Law is formed on the foundation of a lot of maxims which is like a fundamental moral rule or legal principles that need to be considered to make law. The Latin maxim of ‘ignorantia juris non excusat’ is one such maxim which literally means that ignorance of the law is no excuse. The Indian Contract Act, 1872 is the legislation which governs contract law in India. Under section 21 of the Indian Contract Act, 1872, it is mentioned that the mistake of the parties in comprehending and understanding any laws that are enforceable in the country of India cannot render a contract to be voidable. So if one party of a contract claims that they did not know the law, and are claiming relief under the defence of ‘Mistake of Law’ which is that they were unaware about Indian Law, the party will not be successful in claiming relief on such grounds.
To illustrate this as an example for better understanding, if a man called Mr. X is travelling on a train without a ticket, and is caught by the ticket conductor of the train. That man cannot claim that he did not know that a ticket is needed to travel on the train. Mr. X will, therefore, be punished under Section 138 of The Indian Railways Act, 1989.
Exceptions to Mistake of Law
1) Mistake vis-a-vis a Foreign Law
A mistake in understanding a foreign law is to be treated exactly like a mistake of fact under the provisions of Section 21 of the Act. The thought process behind this provision is that the parties in a contract can not be expected to know all of the provisions of any foreign law and what the foreign law means. The law of a foreign land is not known by everyone, hence if in case the parties in a contract make a mistake of the foreign law, the contract is to be considered void in nature.

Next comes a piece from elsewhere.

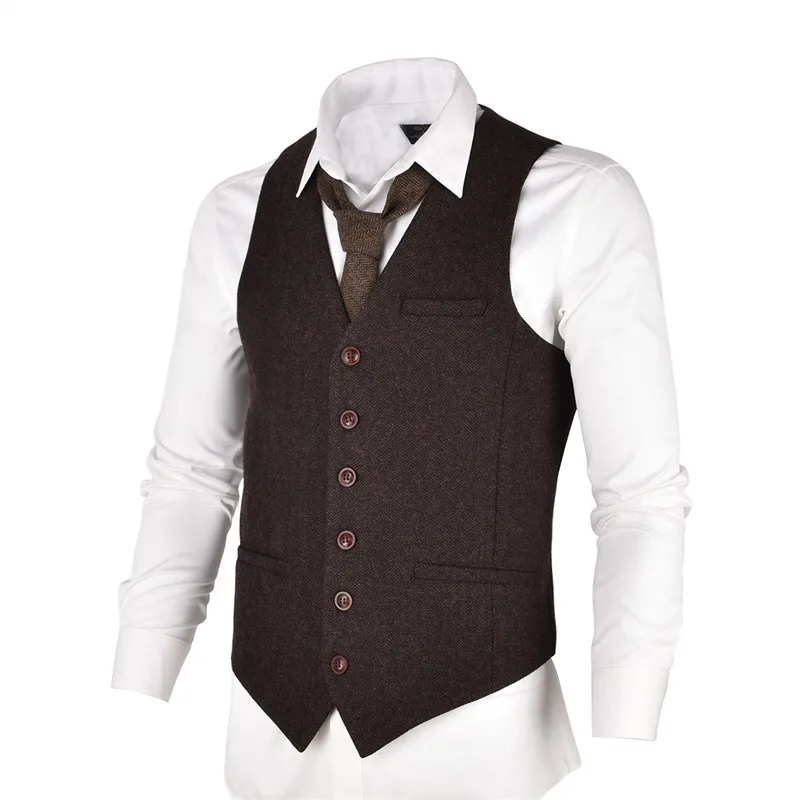 

VOBOOM Mens Tweed Vest Suit Slim Fit Wool Blend Single Breasted Herringbone Waistcoat Men Waist Coat for Male 007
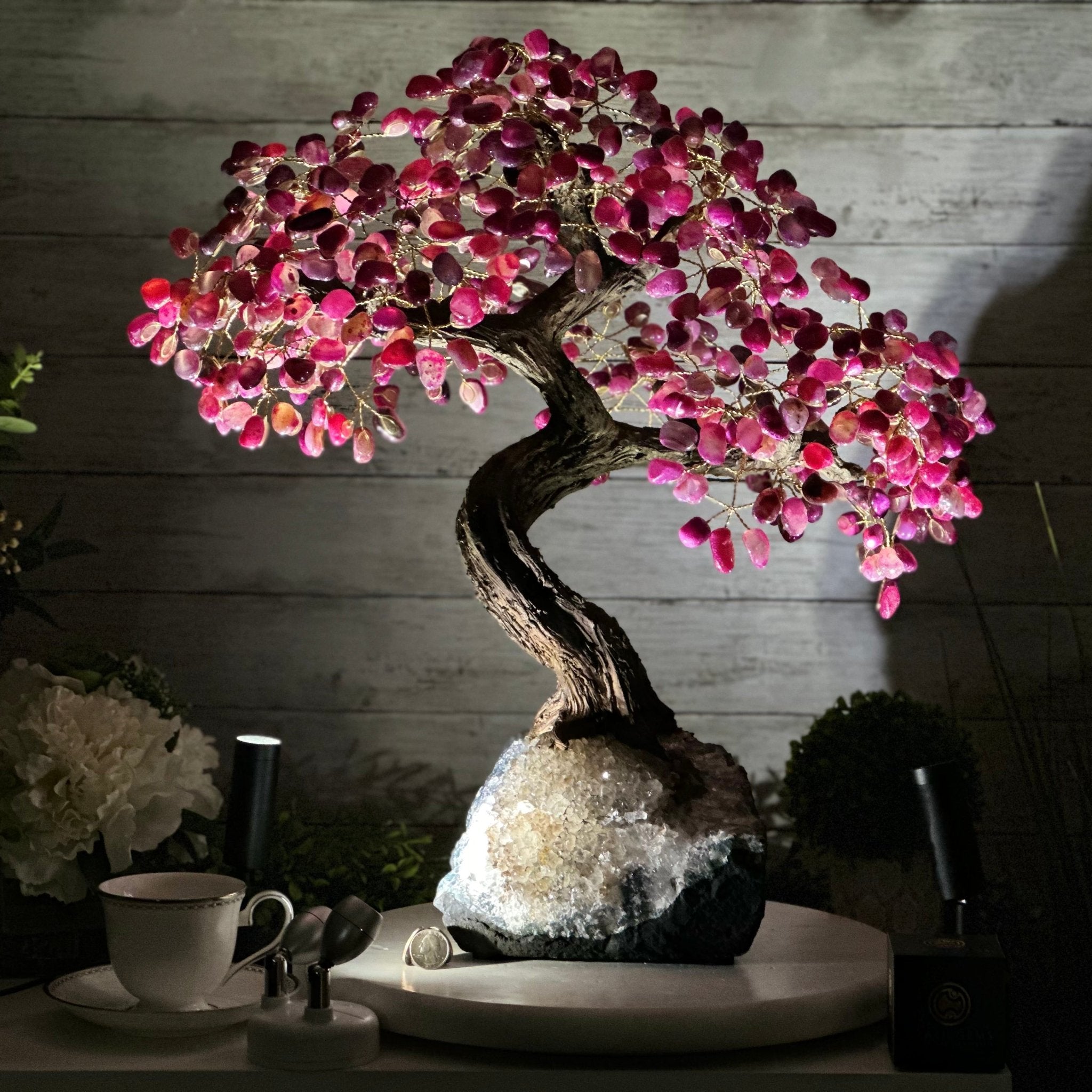 22" Tall Pink Agate Gemstone Tree w/ Amethyst base, 540 gems #5406PA-008 - Brazil GemsBrazil Gems22" Tall Pink Agate Gemstone Tree w/ Amethyst base, 540 gems #5406PA-008Gemstone Trees5406PA-008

To illustrate this as an example for better understanding, if an Indian company is agreeing to sell an Australian company 500 units of a potion which contains 50% Sulphuric Acid, but the law in Australia bans the sale or purchase of mixtures containing more than 40% of Sulphuric acid, then this contract between the Indian and Australian company is declared void since the Indian company is under a mistake of foreign law.

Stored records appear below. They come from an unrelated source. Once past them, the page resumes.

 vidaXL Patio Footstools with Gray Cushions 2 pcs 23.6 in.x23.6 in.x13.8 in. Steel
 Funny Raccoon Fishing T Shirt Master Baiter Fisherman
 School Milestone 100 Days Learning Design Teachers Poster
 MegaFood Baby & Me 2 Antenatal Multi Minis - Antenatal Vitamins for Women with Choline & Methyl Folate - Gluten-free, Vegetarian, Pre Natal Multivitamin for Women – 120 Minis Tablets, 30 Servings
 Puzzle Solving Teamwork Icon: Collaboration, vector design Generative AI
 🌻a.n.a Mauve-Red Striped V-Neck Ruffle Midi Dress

2) Mistake vis-a-vis Private Rights
The private rights possessed by an individual depend on the rules of law as a matter of fact since any reasonable man can not be expected to know the full private rights of another. Therefore, even for parties in a contract, it is not possible for them to know all the private rights possessed by the other party.
This is explained well in the case of Cooper v Phibbs(1867). In the concerned case, the plaintiff took a lease of the right of the fishery from the defendant. However, the plaintiff was not aware of the fact that he was already having a life interest in the right of the fishery. As a result, the plaintiff then filed for a suit to cancel the lease. The defendant argued that he had committed a mistake of law. The verdict held that when there is a mistake with regards to the general right or ownership, that mistake can be considered to be as a mistake of law, which is why it can render the contract to be declared as a void in nature.
What is Mistake of Fact?
Another maxim that provides a framework to the law of contract is the maxim of ‘Ignorantia Facti Excusat’ which literally means that ignorance of a fact can be an excuse. Under Section 20 of the Indian Contract Act, 1872, it is mentioned that a contract is considered to be void in nature when both the parties to the agreement are under a mistake with regards to a particular fact of the agreement.
A mistake of Fact under Contract Law can be classified into 2 kinds-
1) Bilateral Mistake covered under Section 20
Section 20 of the Act talks about Bilateral Mistake. Section 20 is only applicable when the following three conditions are fulfilled in a situation:
- The mistake of fact must be committed by both the parties. Therefore, the mistake must be mutual.
- The mistake has to mandatorily be with regards to some fact.
- The mistake committed by both the parties must be with regards to such a fact which is essential to the contract.
We can understand that when both the parties make a mistake which is related to essential facts like the subject matter of the contract, the contract can very much be declared as a void in nature. This is simply because there is a lack of consensus ad-idem between the parties since they are both under a mistake of some fact and therefore their minds are not on the same page which is very essential for a contract between parties.
However, it must be duly noted that a mistake of fact does not constitute the parties having different opinions about the subject matter of the agreement with regards to its value. Such opinions are inconsequential to the agreement and hence are not a mistake of fact.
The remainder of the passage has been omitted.